I searched for Tian Yi, and at last spotted her sitting by the trees near the Museum of Chinese History.
‘This is the first day of my twentieth year,’ she said, not looking up at me.
‘My cousin Kenneth and his wife arrived in Beijing today for their honeymoon. Will you help me show them the sights tomorrow? Your English is much better than mine. My mother wants us to go and see her tonight to discuss where we’ll take them.’ I caught a whiff of the scraps of discarded food rotting on the ground beneath the trees.
‘Seems like a strange place to spend one’s honeymoon. Don’t they know there’s a revolution going on here?’
‘Apparently they booked the holiday months ago and couldn’t change it. And anyway, neither of them has been to China before, so they’re very excited.’
‘Hey, did you see the National Opera Company’s orchestra?’ she said, as we headed for Changan Avenue.
‘No, where?’
‘They came here about an hour ago to show their support. They performed the final movement of Beethoven’s Eroica. Just there by the national flag.’
‘Was my mother with them?’
‘No, none of the choir came.

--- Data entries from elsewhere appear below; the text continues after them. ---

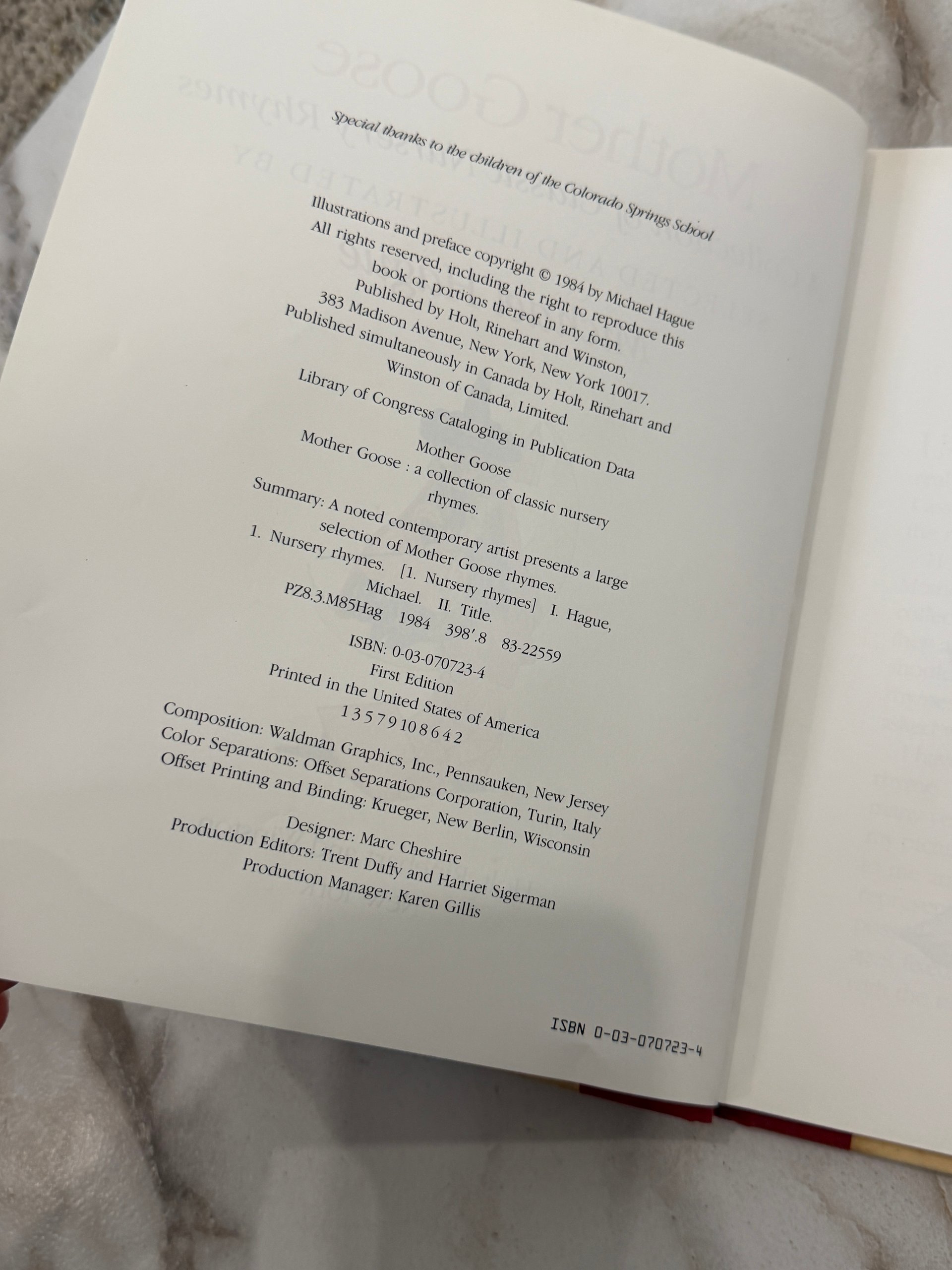 1984 | Mother Goose: A Collection of Classic Nursery Rhymes | Michael Hague | First Edition First Printing Hardcover product image (5)
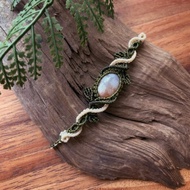 珊瑚玉藤蔓編織手環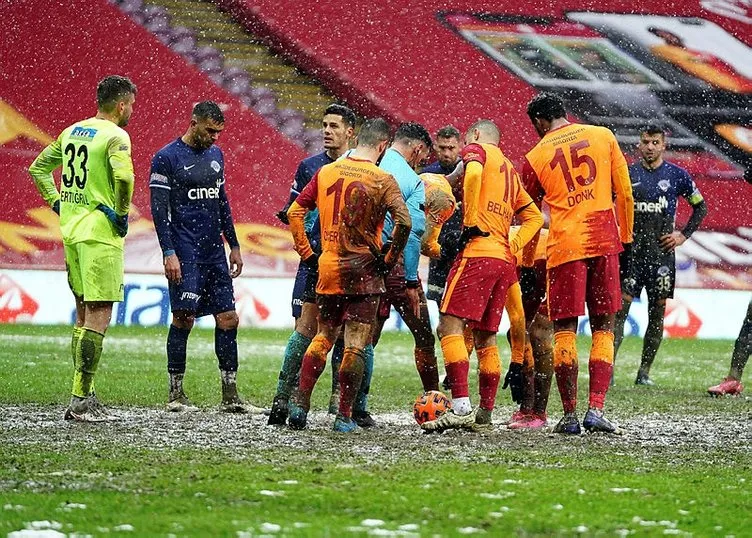 Yoğun kar yağışı Galatasaray - Kasımpaşa maçını olumsuz etkiledi! Saha zemini çamura döndü...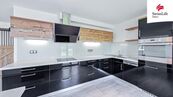 Prodej rodinného domu 211 m2, Ostrov, cena 10499000 CZK / objekt, nabízí 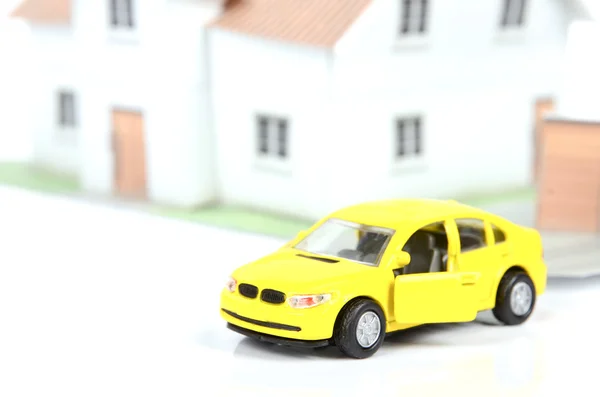 Ház modell és autó — Stock Fotó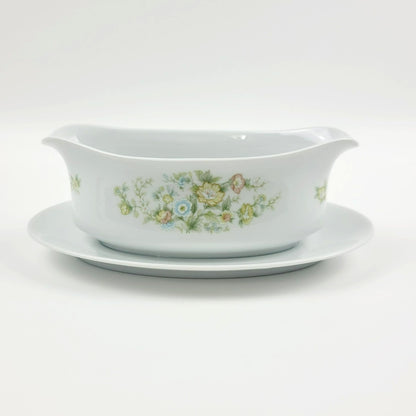Fashion Royale Ashley Gravy Boat & Underplate, Made in Japan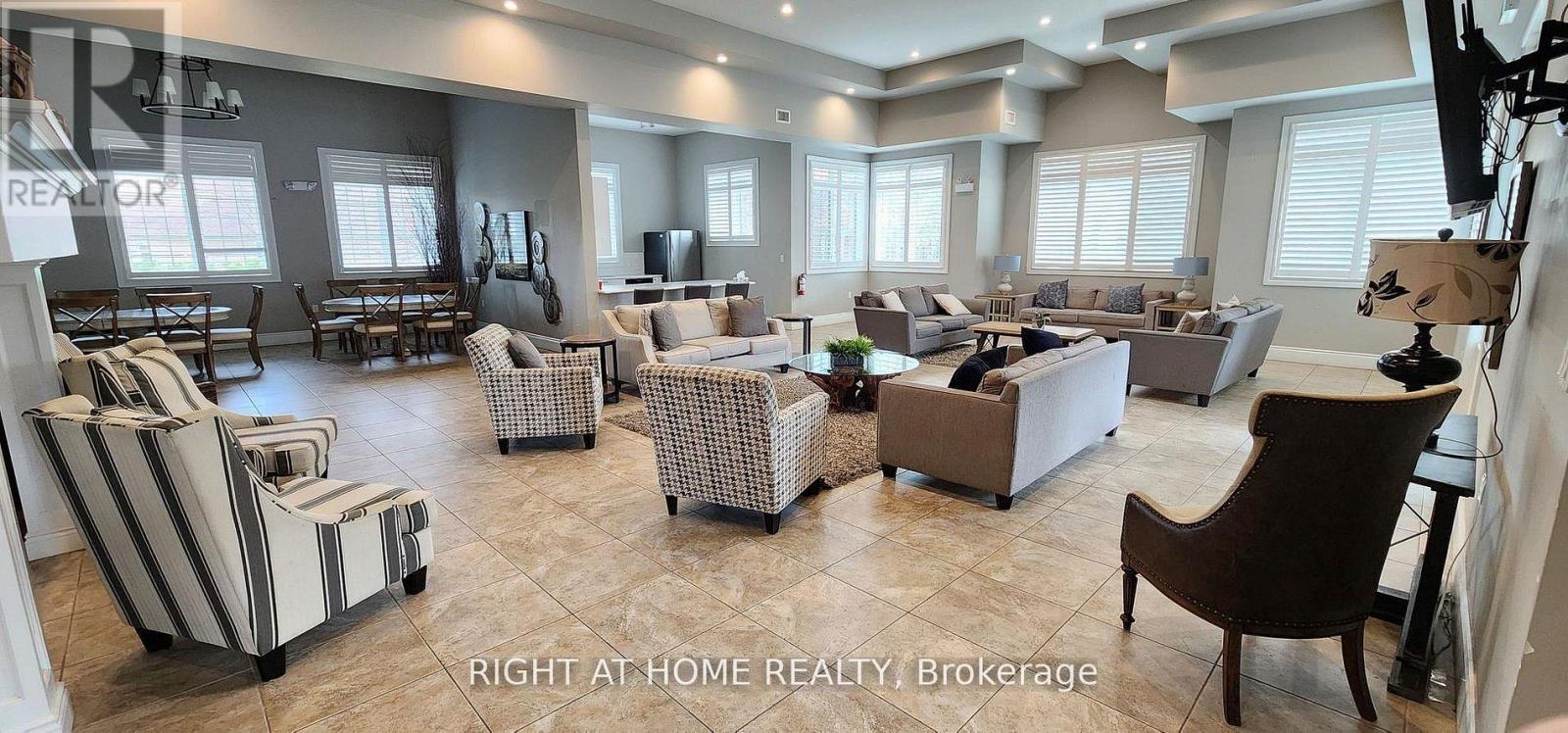 404 - 1460 Main Street E, Milton, Ontario L9T 8W5 - Photo 28 - W13172746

Just the conductor and about thirty musicians.’
‘They played the Eroica, you said? I wonder what my father would make of that if he were alive . . .’

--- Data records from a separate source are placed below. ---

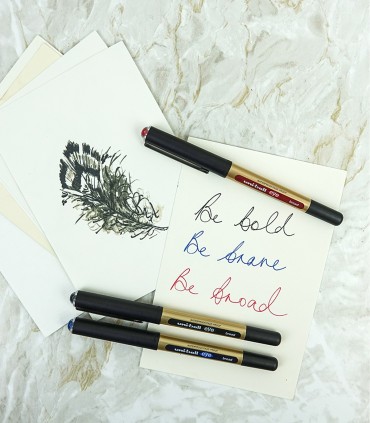 روان نویس یونی بال مدل Eye قطر 1mm کد UB-150-10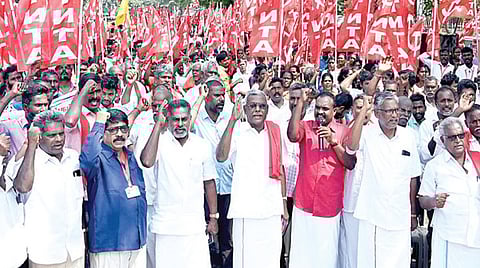 பழங்குடி மக்களுக்கு வன நில உரிமை, இனச்சான்று, வேலை வாய்ப்பு வழங்கக் கோரி, தமிழ்நாடு மலைவாழ் மக்கள் சங்கம் சார்பில் சென்னை எழும்பூரில் நேற்று நடைபெற்ற ஆர்ப்பாட்டத்தில், மார்க்சிஸ்ட் கம்யூனிஸ்ட் மாநிலச் செயலாளர் பெ.சண்முகம், சங்கத்தின் மாநிலத் தலைவர் பி.டில்லிபாபு உள்ளிட்டோர் கலந்து கொண்டனர். படம்: எஸ்.சத்தியசீலன்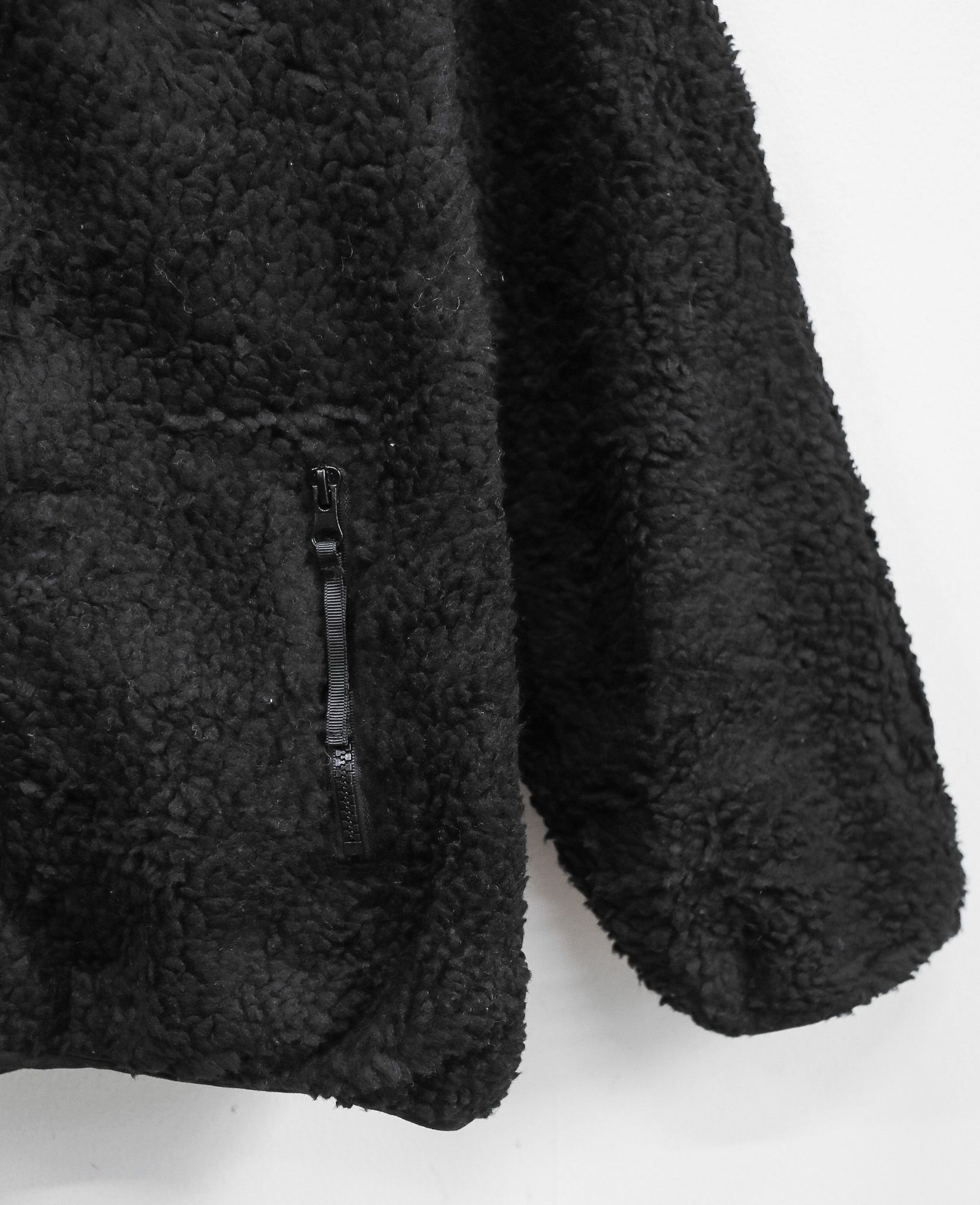 12.11.24 - VTG CROPPED FLEECE JACKET - SUREVE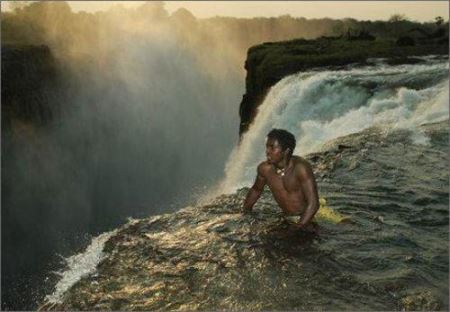 世界上最危险的游泳池魔鬼池：维多利亚瀑布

You want to search for the way out, but you can’t move. Your wet flesh envelops you like a dank pelt.
‘Looking back at the Beijing fashion trends of 1996, we’ve seen a big drift towards relaxed, casual clothing, with baggy shirts and short waistcoats . . .’ My mother switches off the radio then pulls out the syringe from my arm and lowers my hand onto the bed. Blood rushes to my fingertips. She places my right hand on my thigh and pushes me onto my side. She forgot to move my left hand out of the way, so my hip is now digging into it.

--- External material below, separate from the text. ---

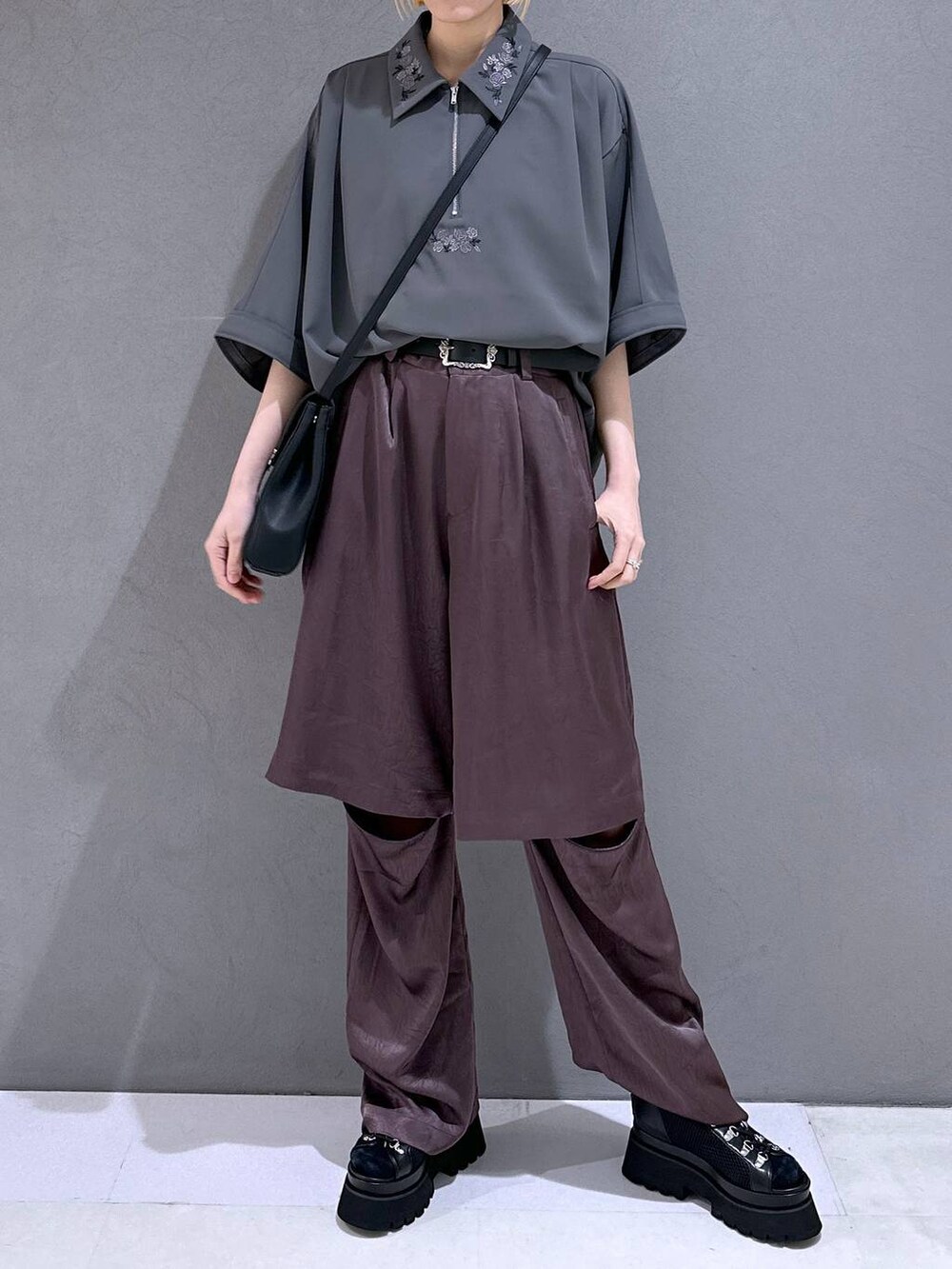 ブラック系のサンダル、パープル系のその他パンツ、グレー系のシャツ/ブラウスを着用したレディースの春コーディネートの5枚目の写真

‘If only you could die in your sleep . . .’ she wheezes, wedging her knee behind my back. With all her might, she pulls me into a sitting position. When she’s confident I’m stable, she slowly rotates my head from side to side. It’s drooping down, so when it turns, the veins on my face become compressed and bulge out. But at least my blood is flowing smoothly through my back now.
Someone knocks on the door. My mother rests my head on the pillow. ‘Hello!’ she says, opening the front door. ‘You’re the first to arrive.’
‘Are you alone then, Auntie?’
‘What do you mean? There’s always the two of us in this flat.’
‘Of course. How thoughtless of me. I’m sorry. I came here straight from work. I thought I could help you out before the others arrive. Have one of these fruits I’ve brought you. They only grow in the south.’ It’s Mimi. She visited a few months ago. Perhaps Tian Yi told her to come today. She and my mother sit on the sofa.
A fly that has been trapped in this room for months buzzes around my head, then settles on my hair and lays eggs on my scalp.
‘Let me take a look at Dai Wei first,’ Mimi says, getting up and heading for my room.
There’s no sheet covering my naked body. My penis is resting on my thigh. She walks in and yelps.
‘Oh, I bet that frightened you!’ my mother says, rushing in and flinging a sheet over me. ‘I’m sorry. I forgot to cover him. I’ve just turned him over. He’s as thin as a rake, but he still weighs a ton. He needs to be turned over every day, like a leg of ham drying in the sun. Hold his arm, will you, and I’ll push him onto his stomach again.’
Mimi grasps my arm. I can feel her breath on my cheek. Her fingers are small and warm.
‘I turn him three times a day. Turn around, turn around . . . After Liberation, we were always singing: “
The poor of the world have had their lives turned around!
” But my life hasn’t turned round yet. See that bedsore on his shoulder. It was raw and infected for a year. It only healed over last winter.’